B. The RAD’s decision not to convene an oral hearing under IRPA subsection 110(6)

[41] Subsection 110(3) of the IRPA requires that the RAD proceed without an oral hearing. Subsection 110(6) carves out a narrow exception: the RAD may convene an oral hearing if new evidence (a) raises a serious issue with respect to the credibility of the person who is the subject of the appeal; (b) is central to the decision with respect to the refugee protection claim; and (c) if accepted, would justify allowing or rejecting the refugee protection claim.

[42] The Applicant submits that the RAD erred when it refused to convene an oral hearing, asserting that it admitted evidence raising a serious concern with respect to credibility, which was central to the claim.

[43] Specifically, the Applicant refers to his affidavit where he explained why he could not obtain a letter from his wife to corroborate his narrative of ongoing threats, an explanation that was ultimately rejected by the RAD.

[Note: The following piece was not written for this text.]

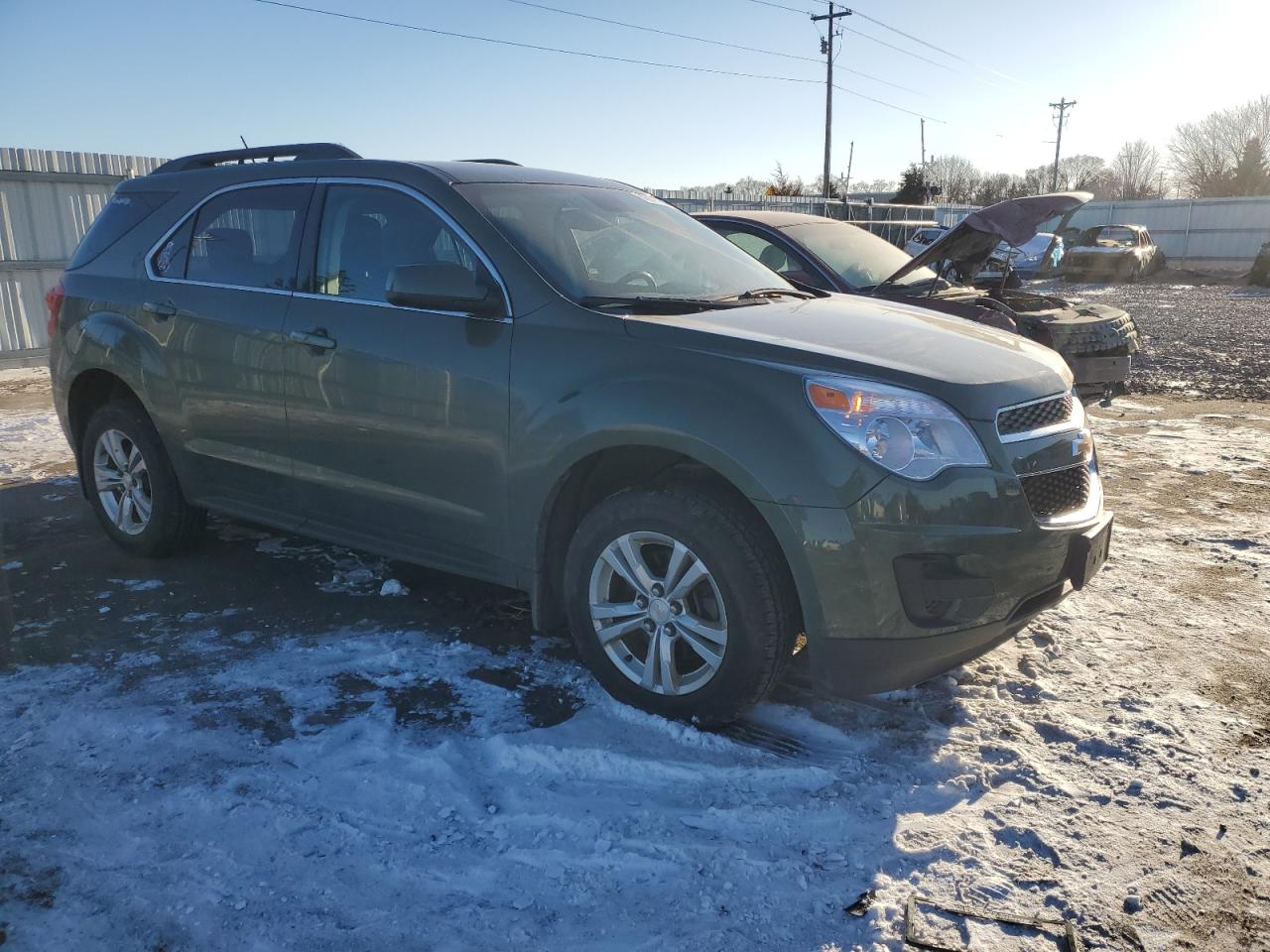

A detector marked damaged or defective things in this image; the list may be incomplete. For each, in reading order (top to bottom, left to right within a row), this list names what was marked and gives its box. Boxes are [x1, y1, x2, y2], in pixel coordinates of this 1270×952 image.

[44] The RAD’s reasons for declining to hold an oral hearing were as follows:

The Appellant states in the further submissions that he requests an oral hearing to clarify the issues raised in the Member’s Direction, and states that an oral hearing is warranted under subsection 110(6) of the IRPA, but he does not provide any submissions, let alone full and detailed submissions, about why a hearing should be held. In my assessment, although some of the statements in the Appellant’s affidavit relate to some credibility concerns, most of them do not relate to the determinative IFA issue, and even those that arguably do (such as his statements explaining why he did not attempt to provide evidence from his wife), are not central to the IFA decision; he has been given an opportunity to provide his explanation and has done so, and an oral hearing is not required to assess those statements. The affidavit and the country condition documents admitted as new evidence do not raise a serious question of the credibility of the Appellant, they are not central to the decision respecting the refugee claim, and they are not determinative of the refugee claim. The request for an oral hearing is denied.

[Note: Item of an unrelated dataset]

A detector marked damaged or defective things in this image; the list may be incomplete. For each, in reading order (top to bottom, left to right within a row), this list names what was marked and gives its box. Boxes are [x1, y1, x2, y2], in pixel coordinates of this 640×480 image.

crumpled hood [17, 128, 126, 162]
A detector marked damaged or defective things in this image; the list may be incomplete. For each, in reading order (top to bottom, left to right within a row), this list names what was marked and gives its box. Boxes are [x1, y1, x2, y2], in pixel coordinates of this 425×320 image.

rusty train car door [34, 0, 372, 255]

[45] The Respondent submits that the credibility concerns raised by the Applicant’s affidavit were not central to its conclusions on the viability of the IFA. Moreover, the country conditions documents admitted did not raise credibility questions and were not central to the decision.

[46] I agree with the Respondent.

[47] The RAD explicitly reasoned that though some of the Applicant’s evidence did relate to his credibility, particularly as to why he could not obtain a supporting letter from his wife, the new evidence was neither central to, nor determinative of, the IFA analysis.

[48] In a January 28, 2022 direction to the Applicant, the RAD, gave the Applicant an opportunity to respond to their concerns about a lack of evidence from the Applicant’s wife by asking: “Did you attempt to obtain written evidence from your wife supporting your allegations, and particularly your testimony that your wife was attacked in 2017, her activities/movements since her return to Nepal from Japan, and your testimony about contacts by Maoists with your wife since you left Nepal for Japan? Did you ask her to provide testimony at the hearing, or to provide affidavit evidence or a letter? If not, why not?”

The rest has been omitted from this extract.